MATERIAL PROVIDED
———

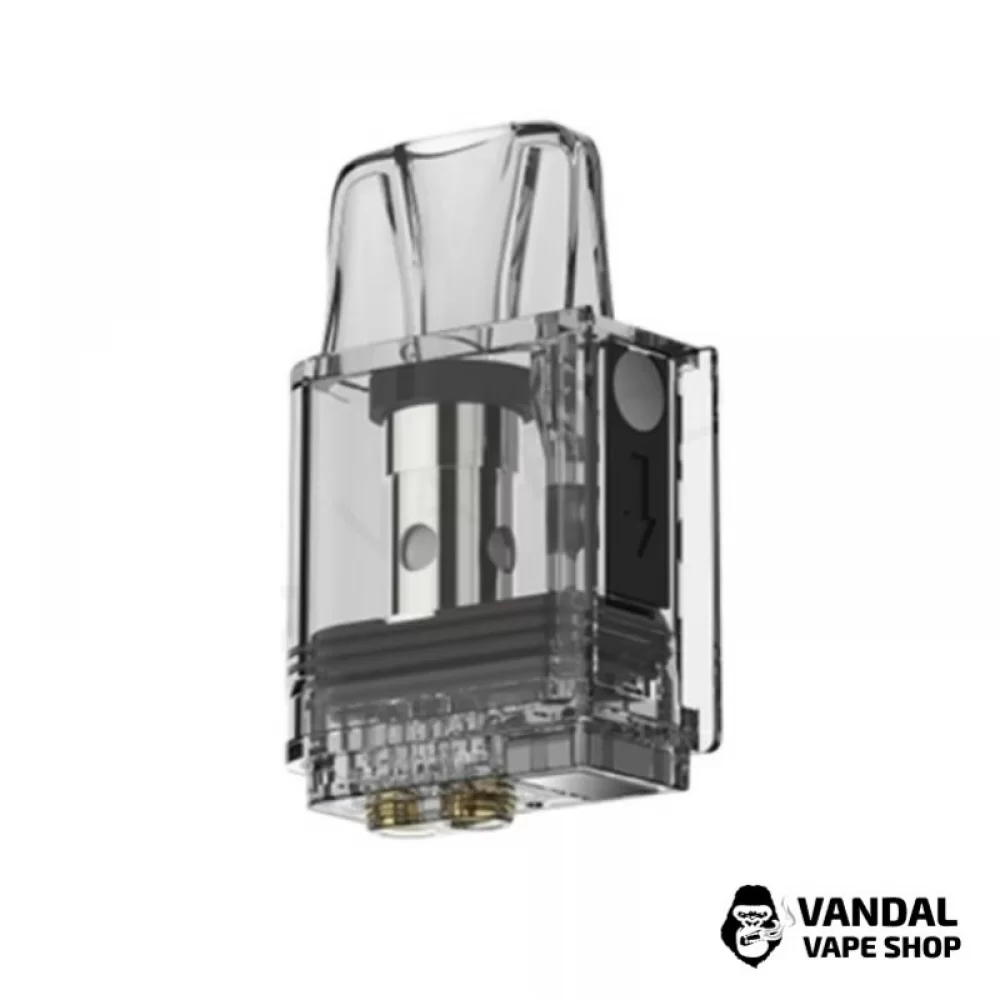 Картридж Moti Play Pod 2.0 мл, 1.0 Ом для всієї лінійки Moti Play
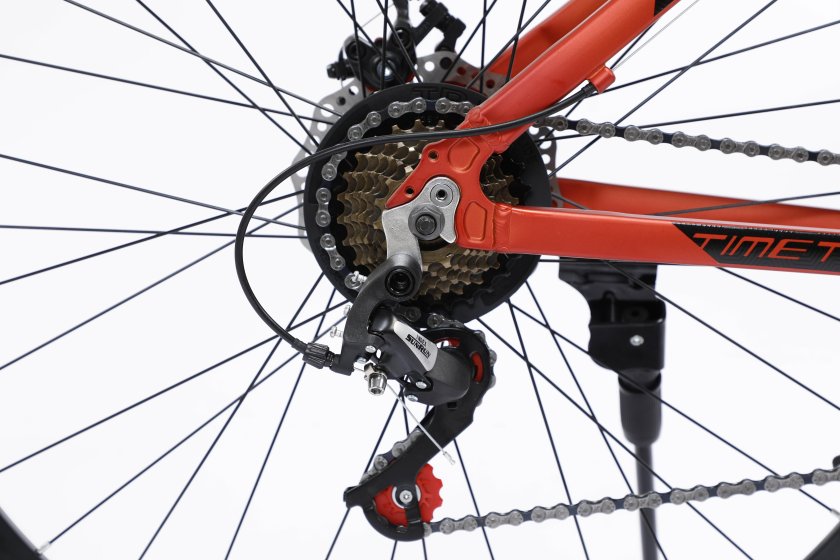 Велосипед TIMETRY 26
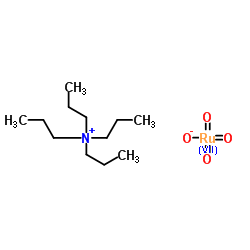 四丙基高钌酸铵结构式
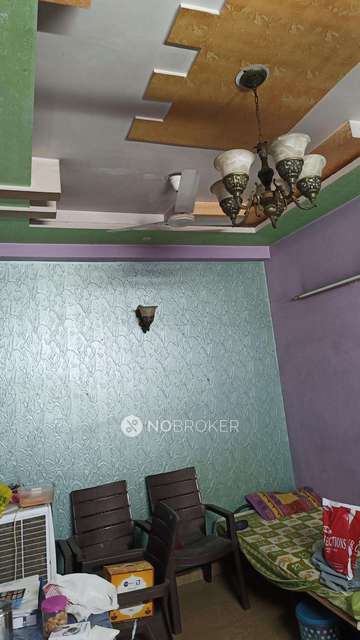 1 BHK Flat For Sale  In Indirapuram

———

TRY IT
Would you copy all of the data exactly? Keep the pictures out of it.

ANSWER TO THIS PROBLEM
 Картридж Moti Play Pod 2.0 мл, 1.0 Ом для всієї лінійки Moti Play
 Велосипед TIMETRY 26
 四丙基高钌酸铵结构式
 1 BHK Flat For Sale  In Indirapuram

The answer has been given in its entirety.